To be left with a mess: a pair of mangled headphones, a car to sell, arrangements to be made (floral, funerary, and otherwise), certificates to draw up, a body to “handle.” Logistics aside, the days that follow death are often experienced — by the surviving — as a state of intoxication, a hyperawareness, a laser-sharp focus to which we are forced to apply the same vocabulary of the everyday for lack of an alternative code, though it would merit it.
It sounds trite to say that nothing else in that moment matters, as things recede in urgency. In this version of living, reason and strategic hierarchies have been upset; the worst, having arrived, is no longer anticipated. There is a freedom, a release, an unleashing to grief that undoubtedly explains its oft-noted likeness to sex.
There are two rooms to this show; one is lined with a display of harnesses and hooks, ikebana-like compositions held together by ropes, Shibari suspension rings, funerary flowers and equestrian halters, each in a tastefully paced color palette. They are visibly used. They are decorative accessories that betray recent pain, restraint, and pleasure. At off-center intervals of the room, two of the rope-ring-harness-hook-compositions are, eerily enough, freestanding. As a whole, they are leveled as instruments of torture, pleasure, and fashion.
In the second room, burnt pieces of bark protrude from the wall, each one mirrored by a 3-D-printed double of its form, and each one overflowing with — unexpectedly — glitter. Like poltergeist hands pushing out of walls, the low-hung pieces stress the surrogacy of their materials: plastic for wood, glitter for ash, and by doing so complicate the casual, sophisticated, finish-fetish read one might have had of this coded show.
It is safe to put these works in conversation with Senga Nengudi’s flesh-colored stockings-and-sand sculptures activated by elaborate pulling and stretching performances, they are sculptures that invoke resistance. Or with Longacre-White’s peer and friend Rachel Foullon’s invented-tools sculptures, which make new, colorful rope, leather, and metal compositions that weaponize art with feminine mystique. In both instances, as in Longacre-White’s sculptures, a series of knots tighten and complicate the individual pieces; a chain reaction of micro-compositions unfold as the viewer approaches the work.

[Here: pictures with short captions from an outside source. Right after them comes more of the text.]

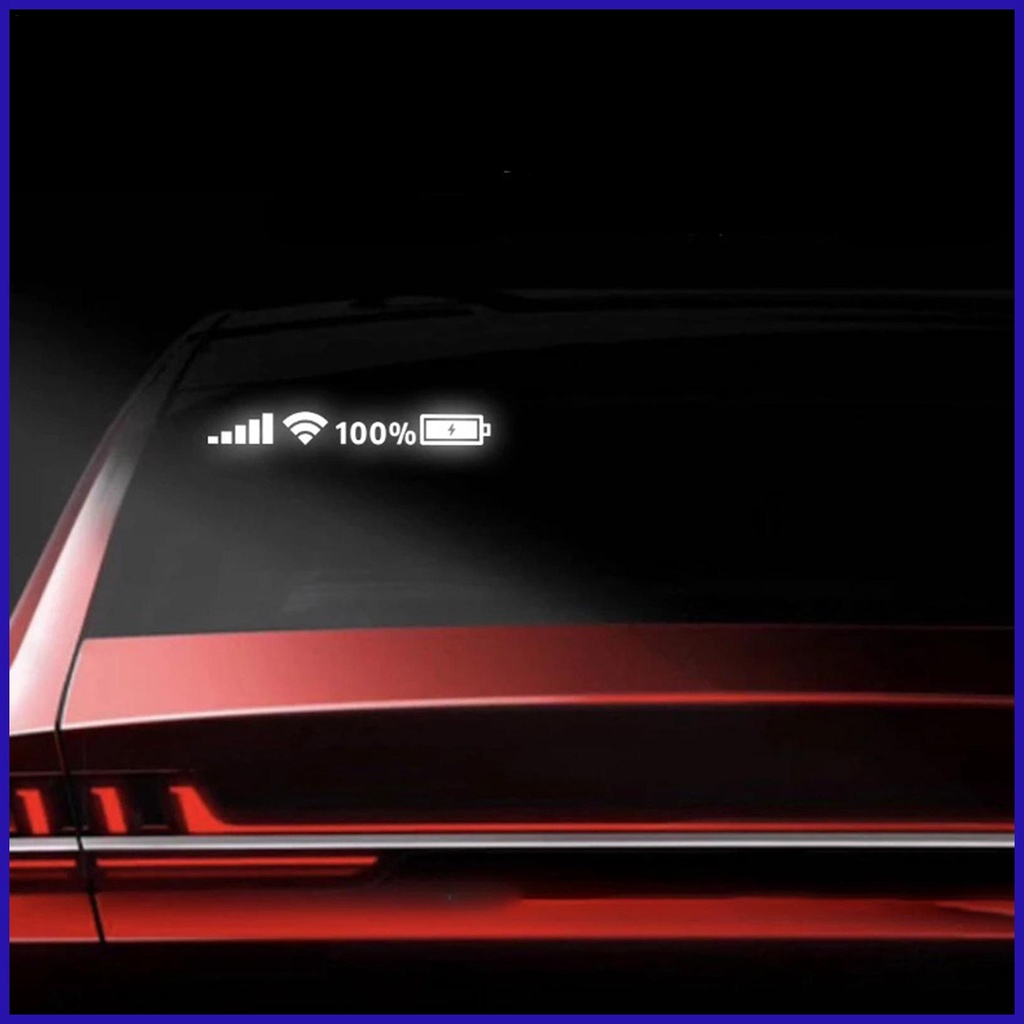 Đề Can Vinyl Dán Cửa Sổ Xe Hơi Bắt Mắt Hình Logo Điện Thoại Đẹp Mắt Cho Nam Và Nữ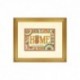 Pineapple Home (18 x 13 cm) - Siuvinėjimo kryželiu Rinkinys DIMENSIONS
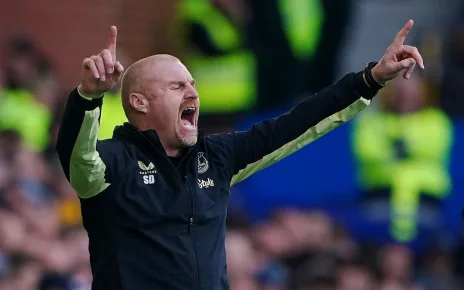 Sean Dyche hails ‘a step forward’ after Everton end their wait for a win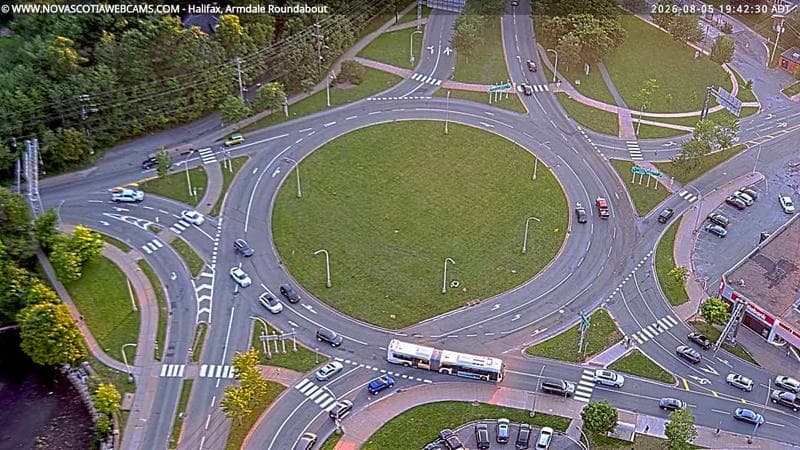 Armdale Roundabout 2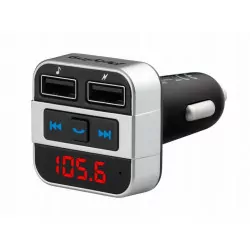 Transmiter FM MP3 BT 2xUSB...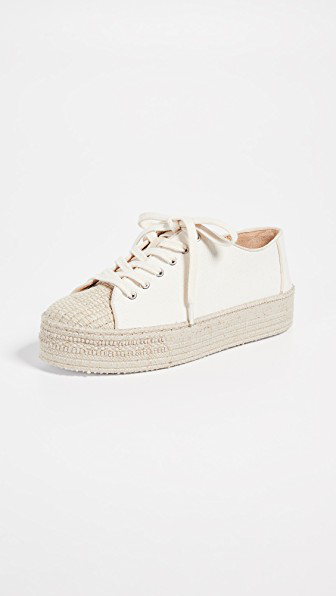 schutz luana espadrille platform sneaker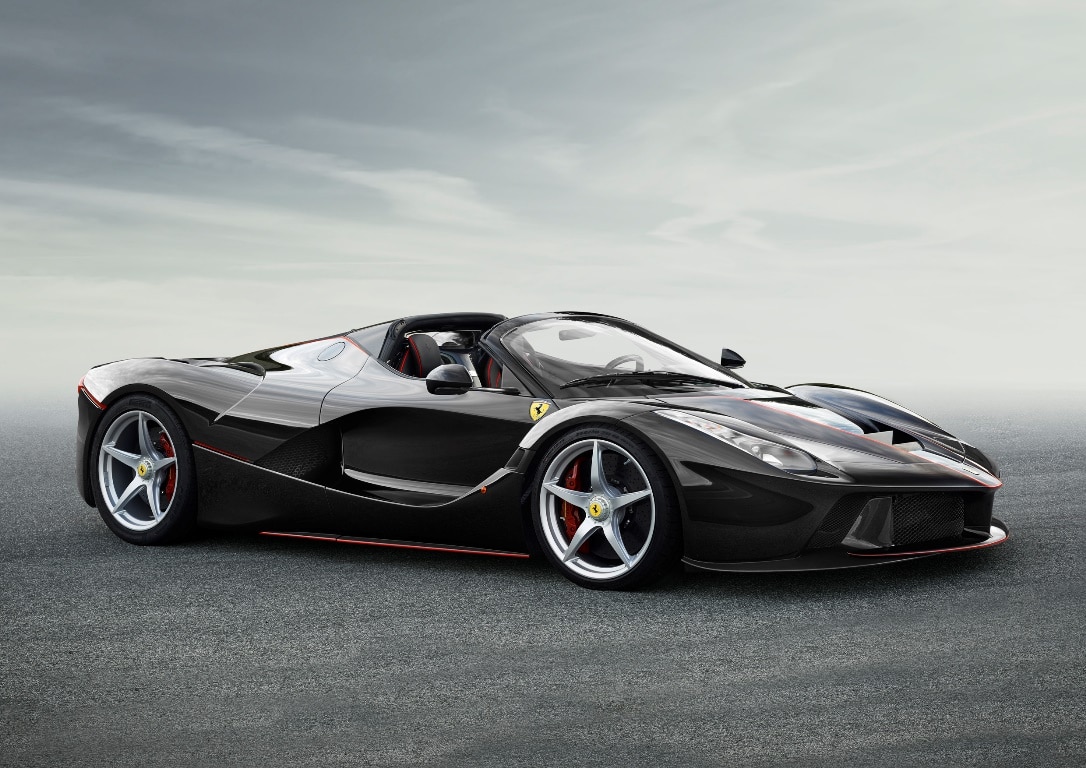 LaFerrari série spéciale limitée version cabriolet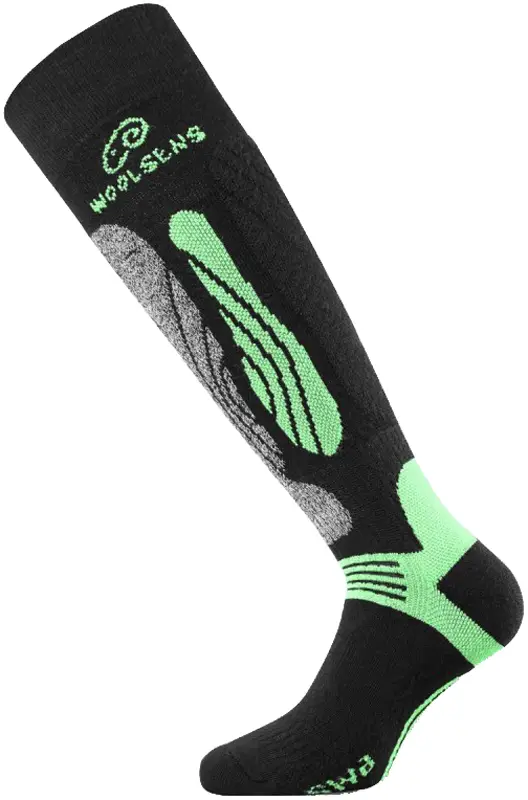 Гольфы Lasting SWI-906 L Лыжные Black/Green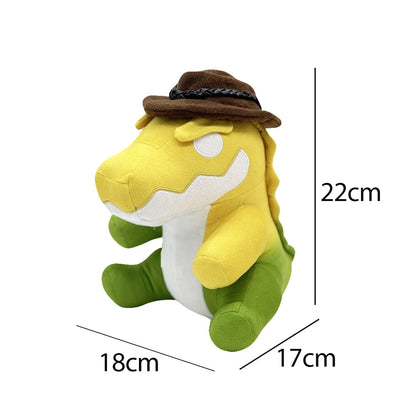 Gummigoo Plush Toy Collection — Digital Circus Characters Kinger, Jax, Pomni & Ragatha Stuffed Dolls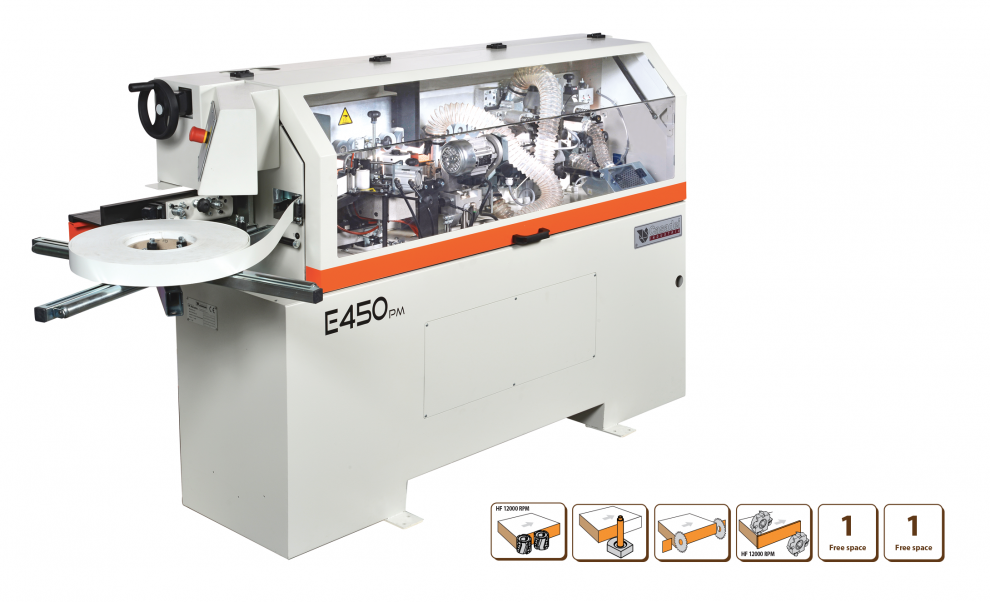 Bordatrice per legno Casadei E450 Ce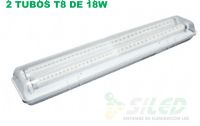 Gabinete de Tubos de led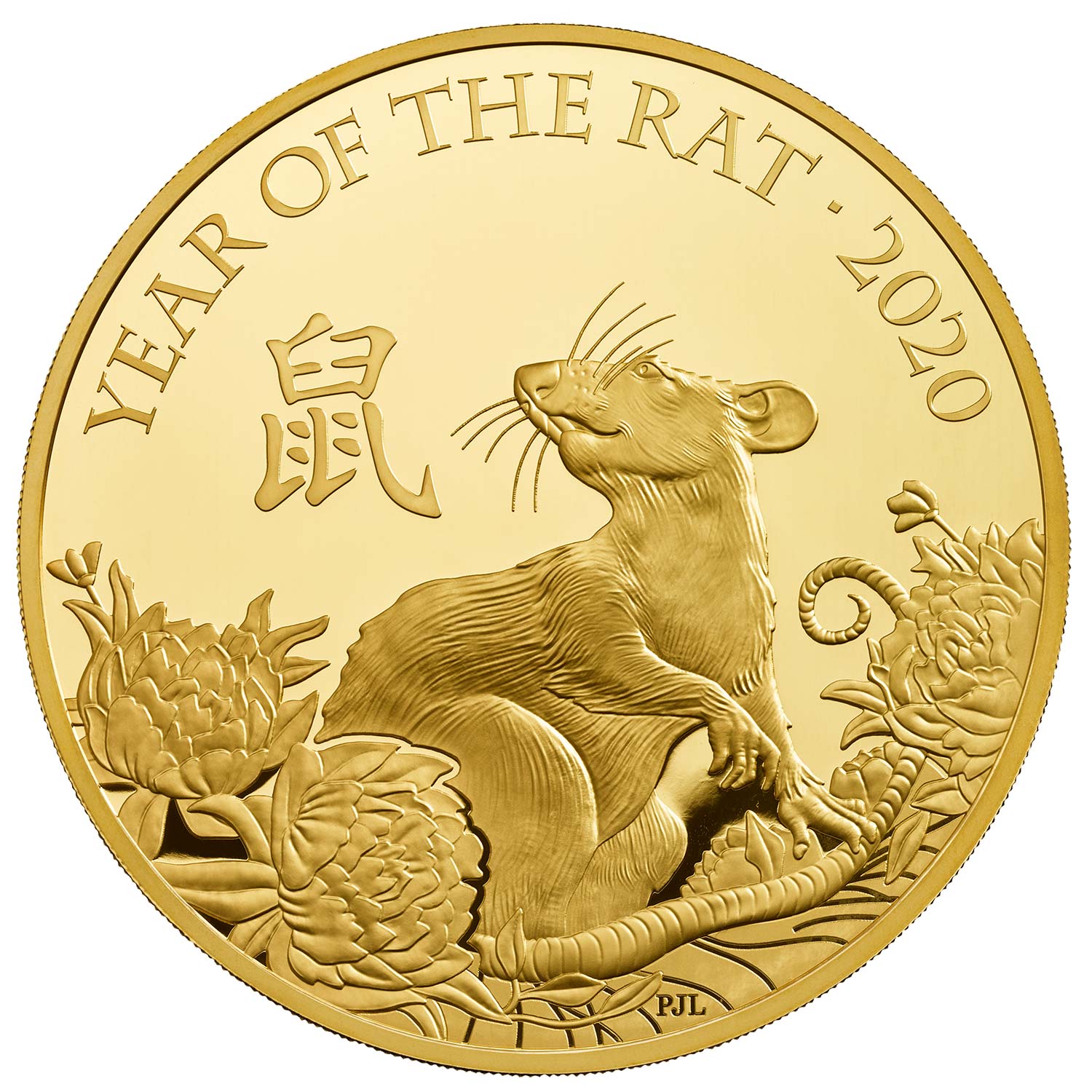 Lunar Year of the Rat 2020 United Kingdom Gold Proof Kilo Coin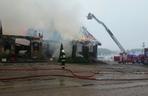 Pożar restauracji w Egiertowie
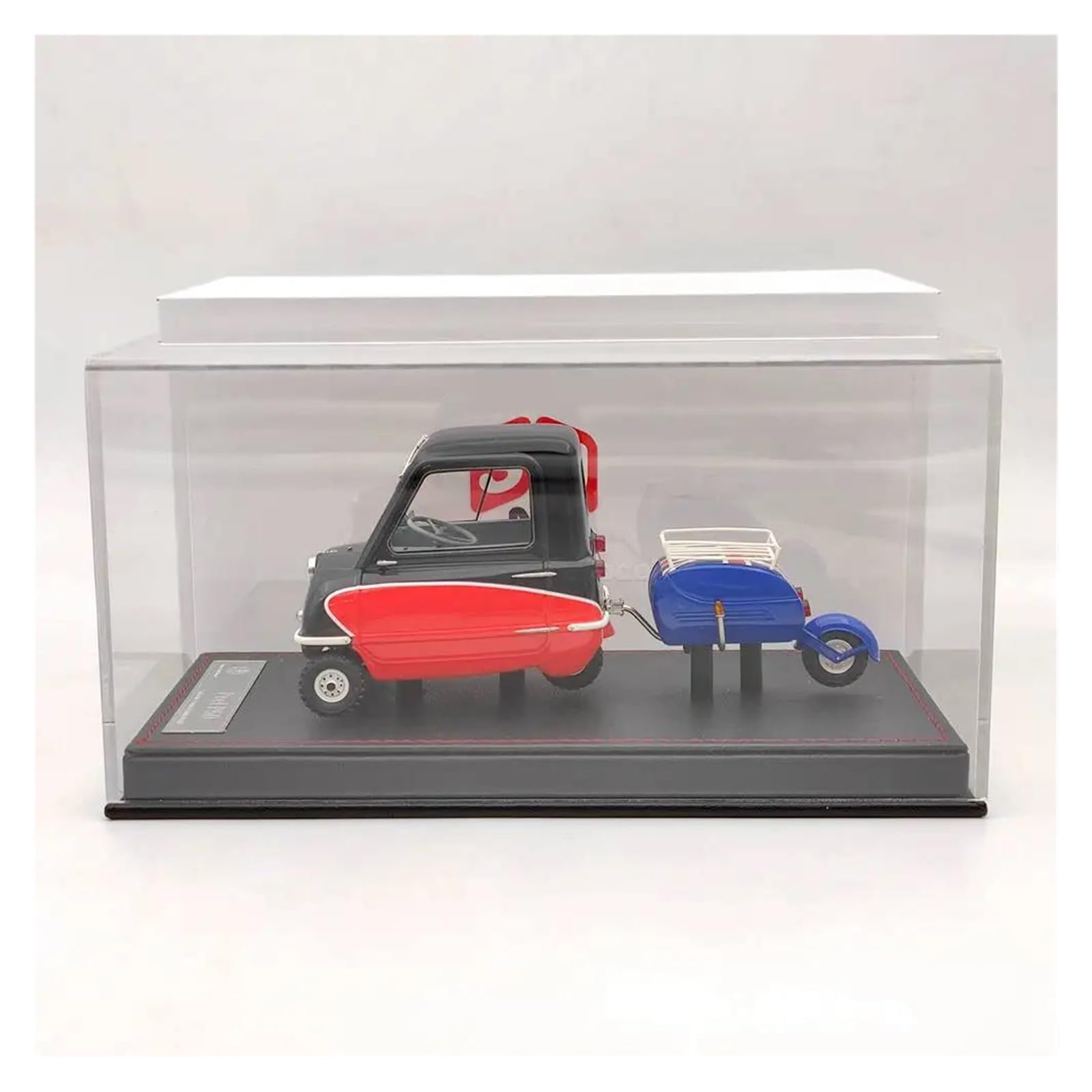 DNA 1/18 ピール50 トレーラー付 (イエロー) Wright ZXL 52 ミニカー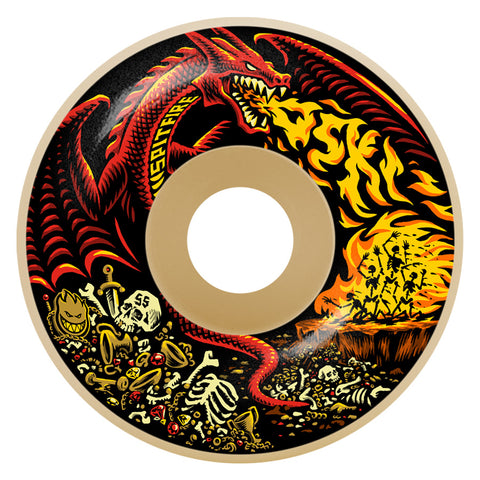 SPITFIRE WHEELS  F4 99D OSKI SCORCHED 57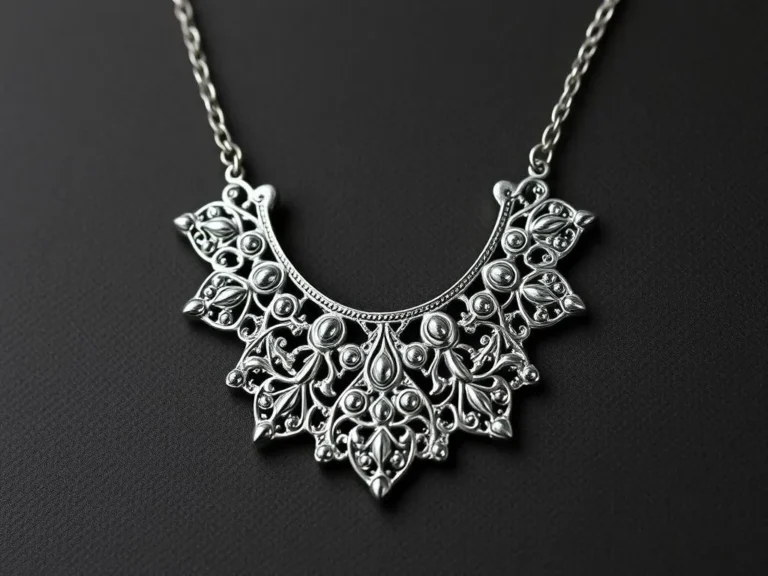 Dream About Silver Necklace Dream Meaning: Exploring Its Interpretations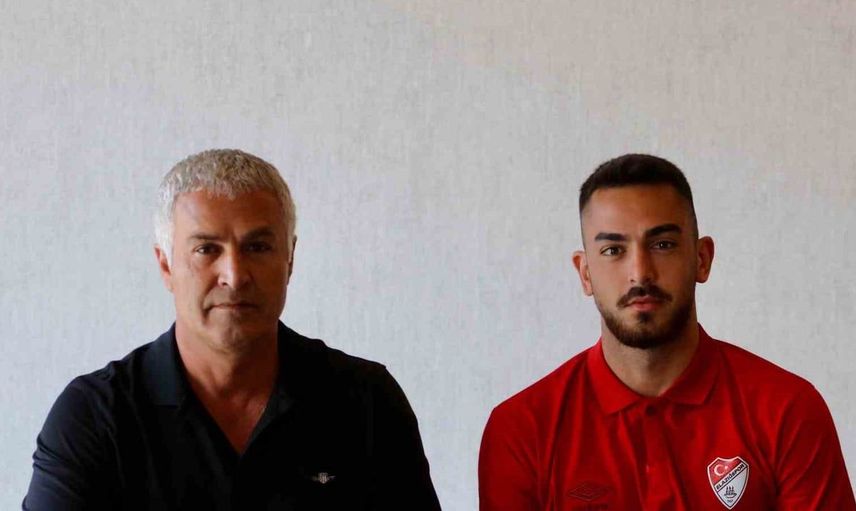 Elazığspor, kaleci Atakan Nuri Ordu'yu transfer etti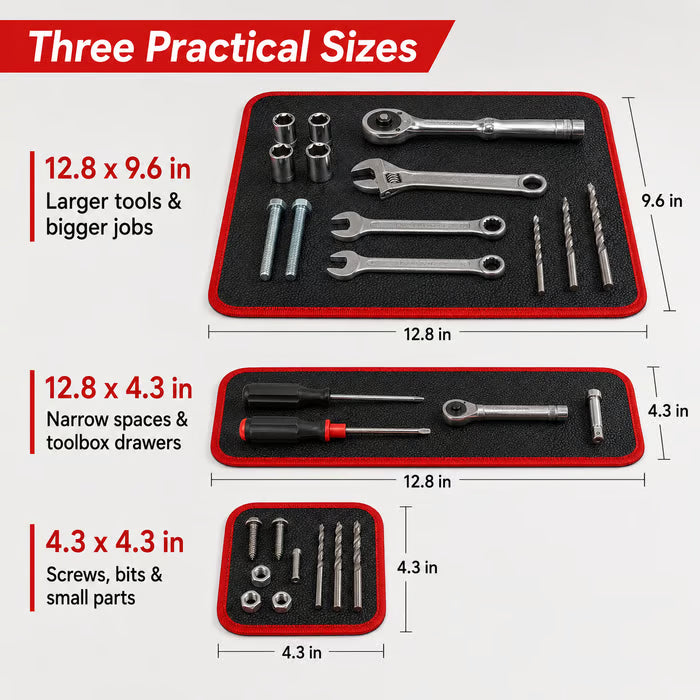 🧲 Flexible Magnetic Tool Mat – Free Express Shipping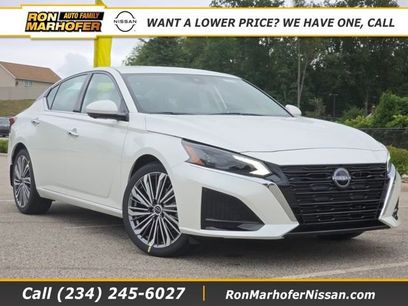 New 2025 Nissan Altima 2.5 SL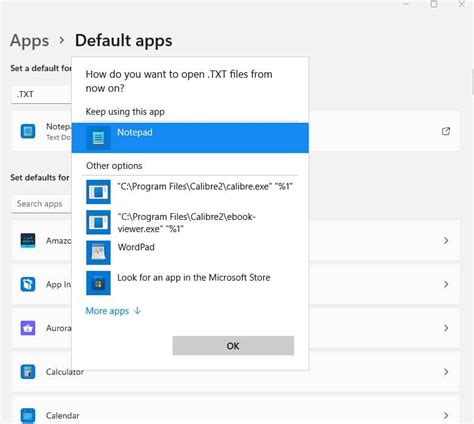 How To Change Default Programs On Windows 11 Ghacks Tech News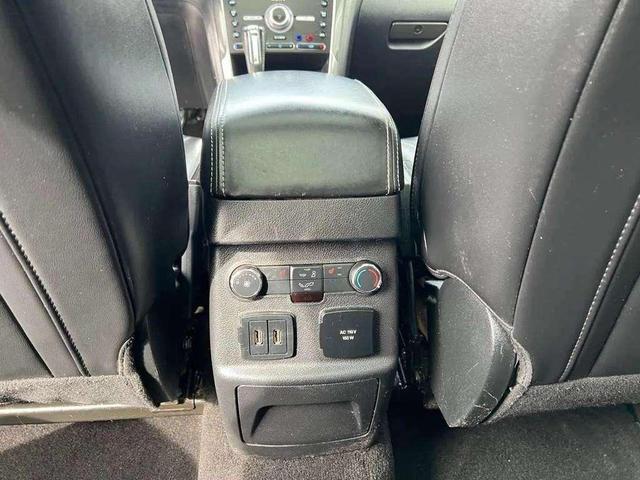 Photo of 2019 Agate Black Metallic Ford Explorer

All this drama, however, is scaled back by a little bit of humor: the sculptures in the exhibition are neutralized by its iodine title, “New Sculptures 2016–17,” and the sex/death/suicide/longing/desire effect is diffused as the viewer remains at a safe “screen distance,” a convention that hearkens to entertainment: leaving us to wonder whether, when forced to contend with these heightened life experiences, art can/should be the illustration of such things, or perhaps embody the tools to achieve the thing itself. In this case, these compositions of weapons and toys are easily both.